In deze verordening is ervan uitgegaan dat werkenden tot de doelgroep behoren. Een referteperiode van 5 jaar, zoals artikel 36 WWB (tekst tot 1-1-2009) voorschreef wordt als te lang ervaren. Nadat belanghebbenden 3 jaar op een minimuminkomen zijn aangewezen is er over het algemeen niet veel reserveringsruimte over. Daarom wordt hier een termijn van 3 jaar aangehouden. Dit sluit ook aan bij de impliciet door de wetgever gegeven termijn. De minimumleeftijd is immers door de wetgever teruggebracht van 23 naar 21 jaar. Een belanghebbende is immers (normaal gesproken) vanaf zijn 18e voor de WWB een zelfstandig rechtssubject.

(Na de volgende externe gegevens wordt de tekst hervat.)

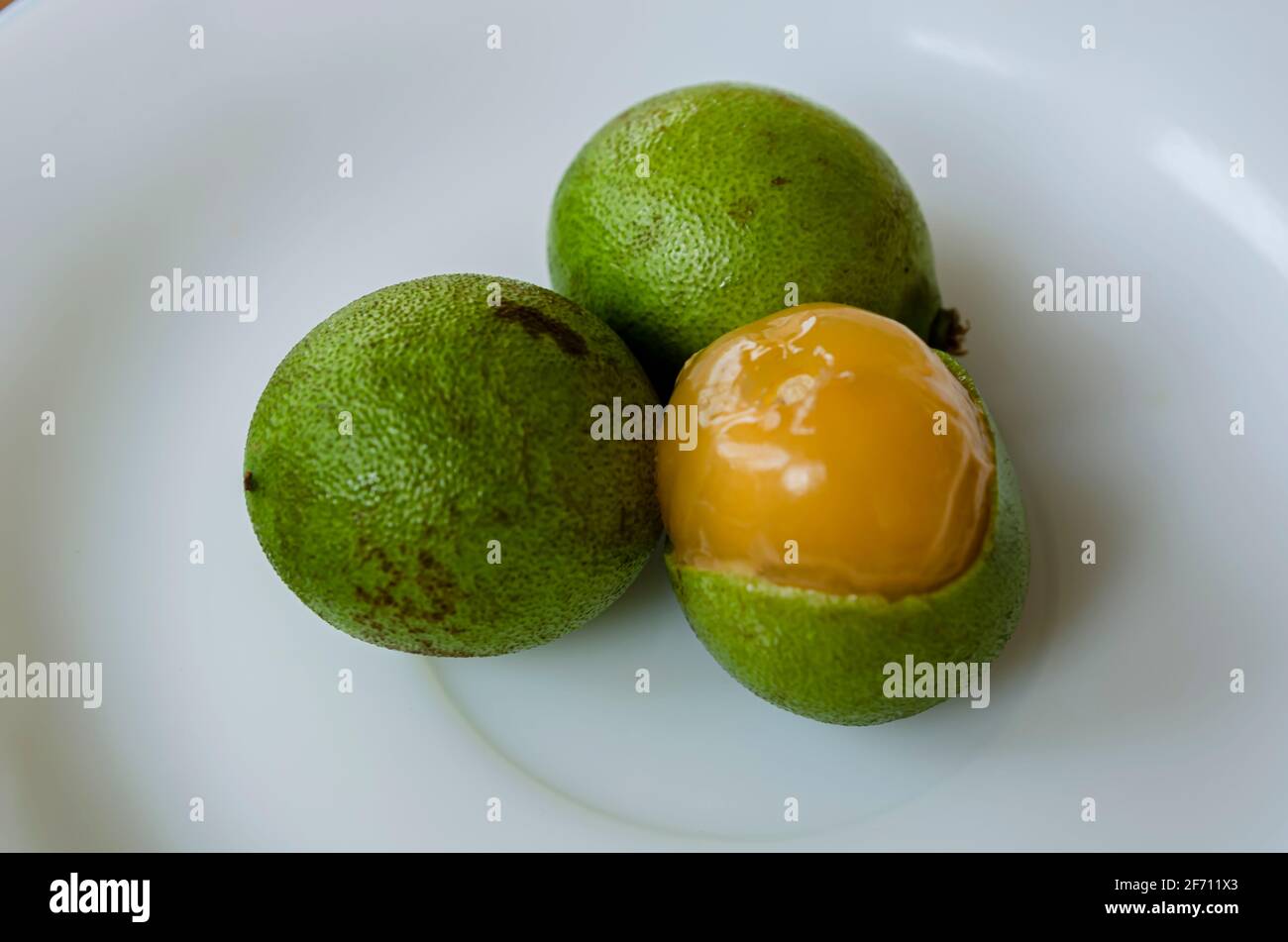 Three Guineps Stock Photo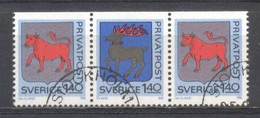 Suède, 1982, Yvert 1171,1172, Obliteré, - Other & Unclassified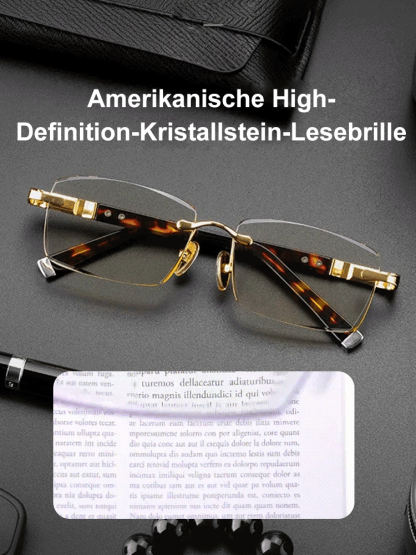High-Definition-Kristallstein-Lesebrille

Er is voor gekozen aan te sluiten bij de inkomensgrenzen die in het gemeentelijk armoedebeleid worden gehanteerd. Oegstgeest hanteert voor haar bijzondere bijstand en minimabeleid 110%. Belangrijke kanttekening is dat de Centrale Raad van Beroep heeft geoordeeld dat een marginale overschrijding van de inkomensgrens genegeerd moet worden (zie CRvB 19-08-2008, nrs. 06/1163 WWB e.a.). In het tweede lid worden studenten expliciet uitgesloten van de langdurigheidstoeslag. In de Nota van toelichting bij het wetsontwerp geeft het kabinet aan dat studenten niet worden geacht te behoren tot de doelgroep van de langdurigheidstoeslag. In de huidige wettelijke bepalingen zijn studenten al uitgesloten.

 

Artikel 4

De hoogte van de langdurigheidstoeslag is gebaseerd op de huidige hoogte. Om niet jaarlijks de verordening aan te hoeven passen is gekozen om de hoogte jaarlijks automatisch mee te laten bewegen met de bijstandsnormen. Omdat de bijstandsnormen in beginsel tweemaal per jaar worden geïndexeerd en de langdurigheidstoeslag maar eenmaal, wordt steeds vergelijking gemaakt met de bijstandsnormen per 1 januari van het voorafgaande jaar. In het tweede lid wordt onderscheid gemaakt tussen 100% en 100-110%. Enerzijds vanwege de armoedeval. Anderzijds compenseert dit enigszins voor het uitsluiten van 65+ers van deze wet. 65+ers krijgen geen langdurigheidstoeslag omdat hun uitkering hoger is dan van mensen onder de 65, ongeveer 105-109%. In het vierde lid wordt een regeling overeenkomstig artikel 24 WWB gegeven voor situaties waarin bij gehuwden één van beide partners is uitgesloten van het recht op langdurigheidstoeslag ingevolge artikel 11 of artikel 13 lid 1 WWB. De WWB voorziet immers niet in een afwijzingsgrond voor de rechthebbende echtgenoot, terwijl daarentegen het toekennen van het bedrag voor gehuwden in dergelijke situaties ook niet opportuun is.

 

NB:

Dit vierde lid ziet enkel op de situatie dat er bij een echtgenoot sprake is van een uitsluitingsgrond op grond van artikel 11 of artikel 13 lid 1 WWB. Indien één van beide gehuwden niet in aanmerking komt voor het recht op langdurigheidstoeslag wegens het niet voldoen aan de voorwaarden als genoemd in artikel 36 WWB of in deze verordening, hebben beide echtgenoten geen recht op langdurigheidstoeslag. Het recht op langdurigheidstoeslag komt gehuwden immers gezamenlijk toe. Zij moeten daarom ook allebei, zowel afzonderlijk als gezamenlijk aan de voorwaarden voldoen.